With eight Democrats running for the nomination, Amos and Anthony agreed to invite the three candidates who have raised the most money this year and had the most social media followers.
There would be no debate or discussion between candidates, the organizers decided. Instead, each candidate would stand together in front of cameras and answer five questions about key issues facing the state.
They decided to tape the forum with no live audience at 10 a.m. on July 17, and the forum would air on WJSU on July 19 and seven more times before the August 6 primary.
That same day, July 8, Amos called all three campaigns and extended the invitation. Shuler Smith and Williams quickly agreed, Amos and their campaigns told Mississippi Today.
“I’ve been calling for a debate for months now, so I was willing to go anywhere at any time and cancel whatever I had planned to make it happen,” Williams said.
Hood’s campaign cited a scheduling conflict on July 17, Amos said, but offered to record their answers at the WJSU studios at an earlier time without the other candidates present.
“They asked if he could be taped before he left to go out of town, but WJSU wanted all of them, especially since the attorney general is slated as the front-runner,” Amos said. “It would obviously make sense if he could be there. They didn’t want to record him separately and give him any advantage. So they cancelled it.”
She continued: “(The Hood campaign) is going to tell you that there was a scheduling conflict, but I don’t know. I think it would’ve helped all of them to do this. I think this would’ve been a great public service. I’m just disappointed.”
When reached for comment, a Hood campaign official said: “We don’t have anything to add to the information that you already have on why Attorney General Hood wasn’t able to attend.”
On Monday, Hood’s opponents slammed the attorney general for not finding a way to make the forum work.
“An elected attorney, I can’t recall running away from an argument — even when my political and professional ‘prestige’ seemed to be on the line,” Shuler Smith said in a statement. “One Mississippi needs a strong willed leader who understands that being for the people requires a heart of perseverance not privilege.”

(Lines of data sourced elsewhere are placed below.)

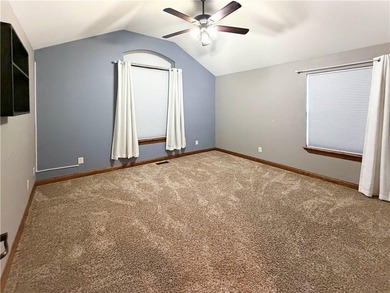 Experience lakefront living in this well-appointed 3-bedroom - photo 41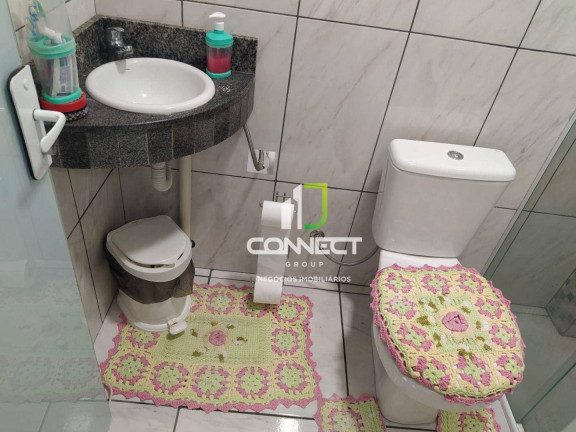 Imagem Casa com 2 Quartos à Venda, 180 m² em Espinheiros - Itajaí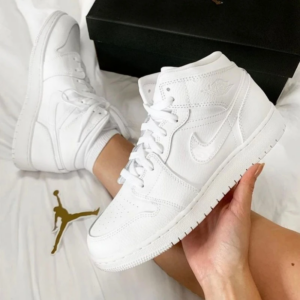 Giay Nike Air Jordan 1 Mid 2022 'Triple White' 554724-136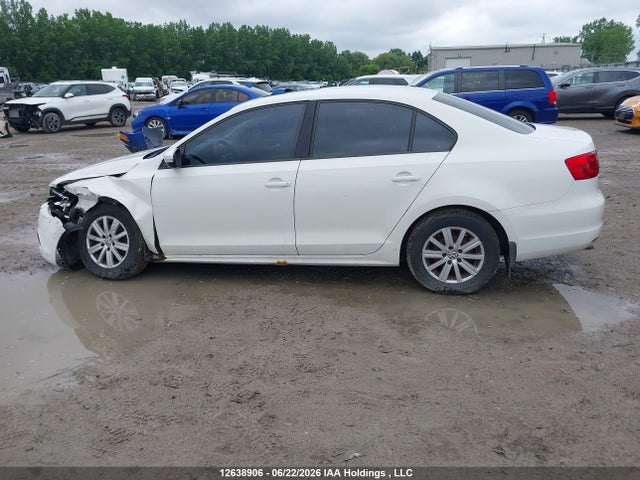 12638906 :رقم المزاد ، 3VWDK7AJ0BM040961 vin ، 2011 Volkswagen Jetta 2.0l Comfortline مزاد بيع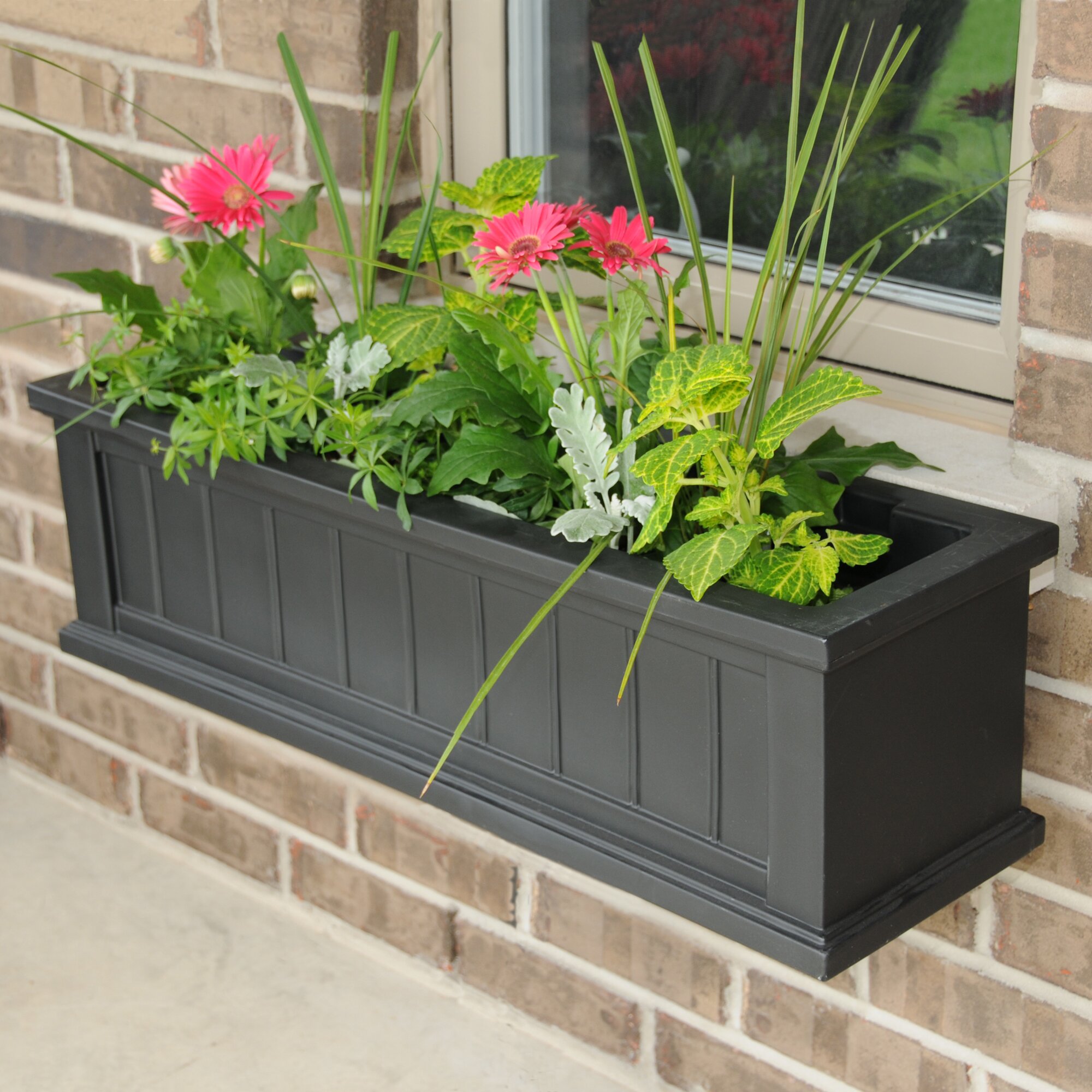 Mayne Inc. Cape Cod Plastic Window Box Planter &amp; Reviews 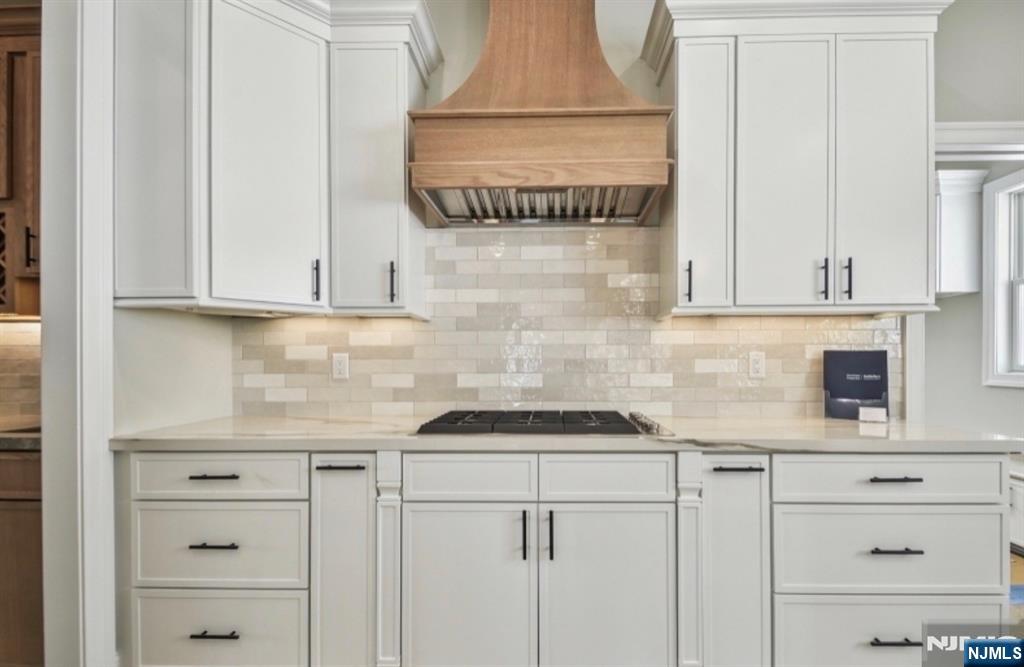 3 Bristol Ridge Boonton, NJ 07005 - Photo 10 of 38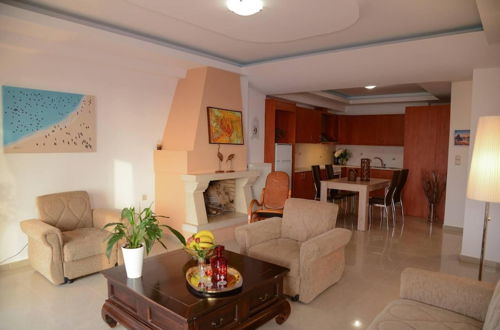 Photo 14 - Spotless Apt in the Heart of Sisi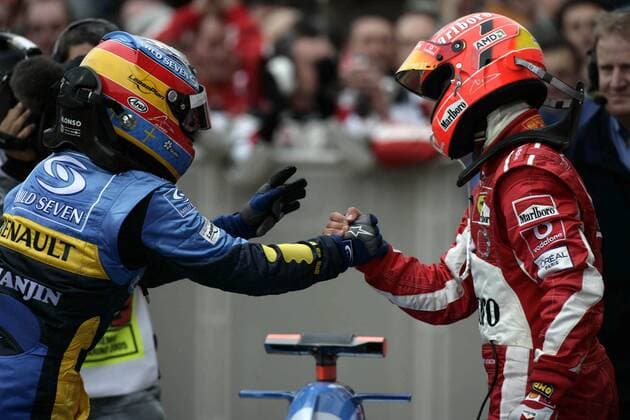Sieger Fernando Alonso (Spanien Renault, li.) und Michael Schumacher (Deutschland Ferrari) gratulieren sich nach dem spannenden Finish des Rennens gegenseitig Motorsport Grand Prix Herren Großer Preis von San Marino 2005, Formel 1 Weltmeisterschaft, F1, F, GP, WM Gruppe Imola Freude,
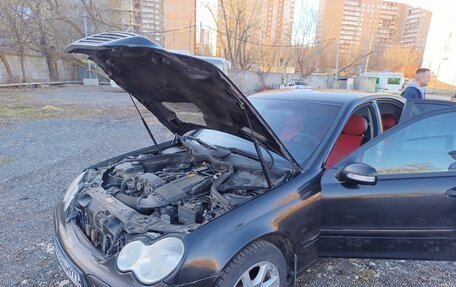 Mercedes-Benz C-Класс, 2004 год, 600 000 рублей, 9 фотография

“I think for anyone to assume he will receive the Democratic nomination for governor without sharing a stage with your opponents is offensive,” Williams said. “If you aren’t willing to talk about your ideas and your candidacy with the public, why should the public trust you?”
All three Republican candidates for governor will participate in a televised debate on July 23. WJTV in Jackson will host the debate, and it will be broadcast live in every TV market in the state.
No such event has been planned for the Democratic candidates. When reached by phone on Monday, Amos’ colleague Mississippi Democratic Party Chairman Bobby Moak said the state party had nothing to do with the WJSU forum that Amos tried to plan, saying: “There has been absolutely no effort on behalf of the Mississippi Democratic Party to have a debate between Democrats at the local or state level.”
When asked if he thought Democratic candidates should follow the Republicans’ lead and have an honest exchange of ideas in a debate setting, Moak laughed.
“I have absolutely no problem at all with Republicans having all the debates they want,” Moak said. “We’re just not going to do that on our side. It’s not something we would even consider.”
Editor’s note: After this story published, the Hood campaign told Mississippi Today in a statement: “We were not offered any alternative dates, were never contacted by WJSU and were advised that only three of the eight (D)emocratic candidates were invited.” The campaign also objected to the format and several individuals who would be involved with the event.